[StarCluster] Large cluster (125 nodes) launch failure

Fri Mar 25 13:06:48 EDT 2011

On Fri, Mar 25, 2011 at 3:40 PM, Kyeong Soo (Joseph) Kim
<kyeongsoo.kim at gmail.com> wrote:
<--snip-->

> In this regard it would be really great if we could implement a
> simpler batch queueing system on the StarCluster itself and therefore
> do away with the SGE. For instance, the implementation of load
> balancing would be much simpler and better and, if needed, it can
> completely terminate the whole instances.

<--snip-->

For one, I am really interested in an alternative to SGE, given its
uncertain status after the Oracle purchase of Sun. Having discussed
this at some length with Mr. Riley during previous conversations, its
entirely likely that a good solution is possible using existing open
source software, at least to a large extent. However, some components
of SGE will be time consuming to implement in comparable fashion, for
example the internal SGE load balancing mechanism.

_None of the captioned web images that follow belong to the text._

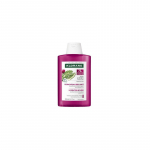 Klorane 72H Hydration & Shine Quenching Shampoo - drėkinamasis &scaron;ampūnas su opuncijos ekstraktu, 400 ml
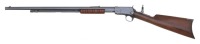 Fine Winchester Model 1890 Slide Action Rifle - 2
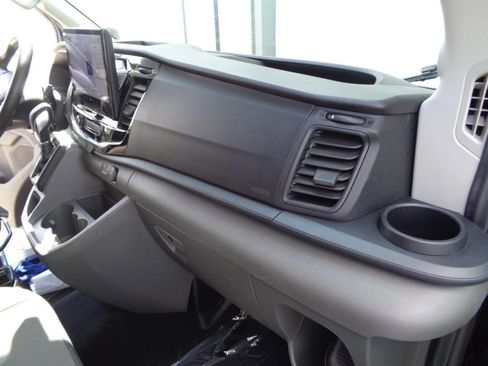 Used 2024 Ford Transit 350 XLT RWD image 44
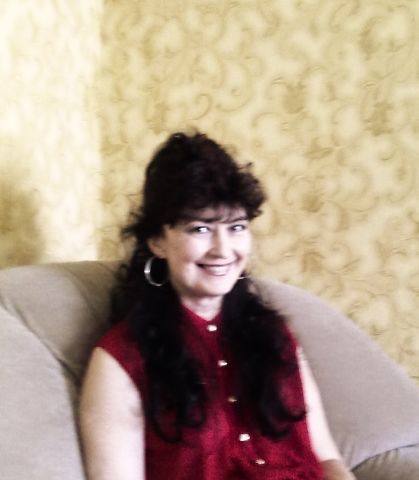 Светлана Циповяз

In any event, we, at my company, have had an excellent experience
using the python-based Celery Distributed Task Queue [1] on local
development and production clusters. One potential downside for this
is, in our case, the requirement of the Erlang-based RabbitMQ for
message queuing (using AMQP). Celery itself does not demand RabbitMQ,
but in our experience it worked the best for our use cases. Its
entirely possible to replace RabbitMQ with something like ZeroMQ,
however this could require considerable effort.

If anyone is interested in exploring this further, and in greater
detail with the goal of an implementation, lets talk. Perhaps a new
thread would be appropriate. I certainly think this could be highly
beneficial and would be happy to participate.

Kind Regards

Matthew W. Summers

[1] http://ask.github.com/celery/